Un homme a été tué vendredi 25 avril dans une mosquée du Gard, dans le sud de la France. Le meurtrier a peut-être agi seul, mais l’acte n’est pas isolé. Il est indissociable du climat de haine entretenu autour de l’islam et des musulmans par une partie de la classe politique française et des médias.
L’extrême-droite a fortement progressé en France. Elle est même plus que jamais aux portes du pouvoir.

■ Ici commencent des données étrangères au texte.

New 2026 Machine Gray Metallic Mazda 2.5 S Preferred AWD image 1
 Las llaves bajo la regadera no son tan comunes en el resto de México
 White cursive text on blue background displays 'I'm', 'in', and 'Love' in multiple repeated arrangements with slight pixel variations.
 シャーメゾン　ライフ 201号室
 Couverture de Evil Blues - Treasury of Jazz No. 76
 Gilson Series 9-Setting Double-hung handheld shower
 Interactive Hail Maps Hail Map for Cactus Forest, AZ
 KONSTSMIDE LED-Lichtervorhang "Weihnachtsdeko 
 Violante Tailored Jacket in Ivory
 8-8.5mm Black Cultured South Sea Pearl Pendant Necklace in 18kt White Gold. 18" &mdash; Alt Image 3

Cette ascension s’est accompagnée d’une stigmatisation systématique des musulmans au moindre fait divers, de la banalisation de l’islamophobie et de la libération de la parole raciste.
Le discours islamiste radical, contre lequel la droite et l’extrême-droite prétendent lutter, a fait ses victimes. La rhétorique raciste anti-immigrés et anti-musulmans fait elle aussi, inévitablement, les siennes.
Et l’homme qui vient de perdre la vie dans une mosquée en est une. Le crime porte la signature, très vraisemblablement, d’un individu empoisonné par le discours omniprésent, à la télévision, sur les réseaux sociaux et chez certains hommes politiques, faisant des musulmans la source des maux de la France et de l’Islam un danger pour son avenir.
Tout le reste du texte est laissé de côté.